Comme le rappelait le stoïcien saint Augustin : « Si vous ne me demandez pas ce qu’est le temps je le sais, dès lors que vous me demandez ce que c’est je ne le sais plus. » Difficilement pénétrable par les mots, le temps ne se laisse pas réduire à la définition. C’est là qu’entre en jeu la notion bergsonienne de durée. La durée correspond à notre perception subjective, personnelle du temps. Loin de pouvoir être morcelée, cette durée est continue. C’est d’ailleurs pour cette raison qu’une réunion d’une heure n’est jamais sujette à la même expérience temporelle. Pour l’un des participants, cette réunion, d’un mortel ennui, sera l’équivalent d’un siècle. Pour un autre, happé par les propos, c’est sur un temps bref que sera vécue cette même heure. La durée donne un sens au présent car elle relève de l’intime.

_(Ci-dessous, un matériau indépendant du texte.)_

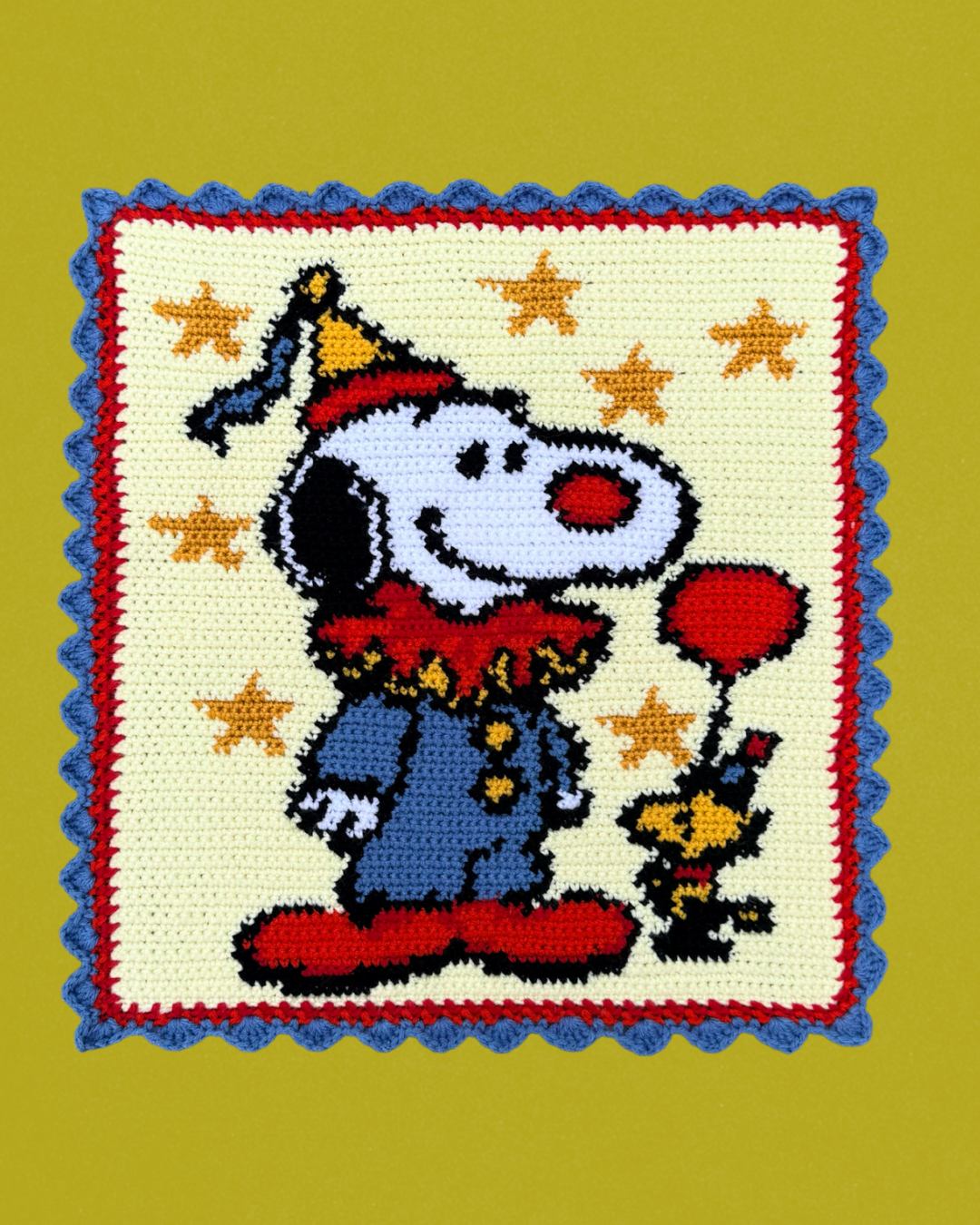 Circus snoopy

Le travail, de plus en plus, est quotidiennement marqué par le temps de la mesure, du profit. Surtout, il ne faut pas en perdre. L’usuelle « je n’ai pas le temps » donne le ton. Cette expression implique que le temps soit hors de contrôle, qu’il nous dépasse. Or, le temps n’existe pas indépendamment du travailleur qui en use. Seul, le temps n’est rien. Il s’agit d’extraire le travail du compte à rebours. S’intéressant des impacts de la révolution numérique sur le travail, l’économiste Jacques Freyssinet remarque l’essentiel[1]. L’utilisation de nouvelles technologies complexifie l’évaluation de l’effort productif. Absorbée par les résultats, l’évaluation éclipse nos efforts pour y parvenir. Notre regard sur le travail se circonscrit. La durée consacrée au travail s’estompe. Peut-être devrions-nous questionner le travail dans sa durée, ce temps qui prend (trop) son temps. Alors, nous pourrions envisager le travail à la première personne, en considérant la dimension intime qui se joue dans le temps travaillé, celle qu’y engage le travailleur. Mais cela suppose d’extraire le travail du compte à rebours et de l’urgence.

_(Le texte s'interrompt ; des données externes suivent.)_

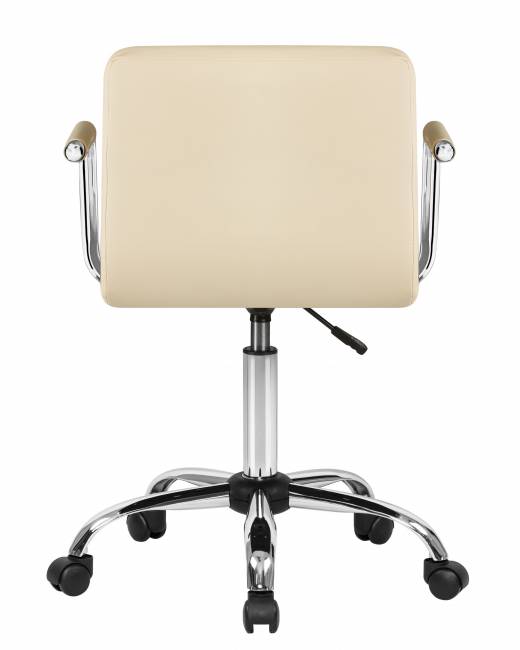 Офисное кресло для персонала DOBRIN TERRY, кремовый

Nous n’avons eu de cesse de concentrer nos réflexions autour du travail sur un temps de la découpe, du ciselage, du morcellement

Dans ce cas, quoi de mieux qu’un retour en arrière, qui prend le temps de comprendre les grandes étapes qui ont traversé le temps de travail. Depuis la Révolution française et l’emblématique lutte pour une liberté de travail, nous avions rejeté toute forme de sujétion pour obtenir des relations contractuelles libres. Le travail se matérialise alors par des contrats de louage, louant ouvrage ou service. Contrats de droit commun, conclus de gré à gré, le travailleur est alors un prestataire de service. Encadrés par des contremaîtres, les salariés jouissent néanmoins d’une certaine autonomie, de type opérationnel. Ils sont libres de coopérer entre eux. Depuis cette perspective, le travailleur est souple dans l’organisation de cette location et donc de son temps de travail. Insidieuse, source d’exploitation, la souplesse qu’offre le contrat de louage se voit encadrée. Délimiter le temps limite l’autonomie au travail. En 1910, l’apparition du contrat de travail réglemente le temps travaillé. Le travail, délimité en heures, elles-mêmes régies par un contrat, se voit modifié en substance. Effectivement, le contrat de travail vient redéfinir l’essence même du travail. Reconnaissant une relation de subordination dès sa signature, ce contrat consacre à l’employeur la notion de pouvoir. La responsabilité de l’exécution de la tâche n’est plus seulement l’affaire de l’ouvrier, mais aussi et d’abord celle de sa direction. Il n’est plus envisageable que les travailleurs se débrouillent seuls. Étudiant avec attention ce point de bascule, les sociologues Blanche Segrestin et Armand Hatchuel sont formels : sans un « gouvernement du travail », le travail n’est plus[2]. Engagé, le travailleur se doit de respecter les méthodes et prescriptions de son employeur. Le personnel d’encadrement se multiplie, parfois par deux, comme au Creusot en huit ans.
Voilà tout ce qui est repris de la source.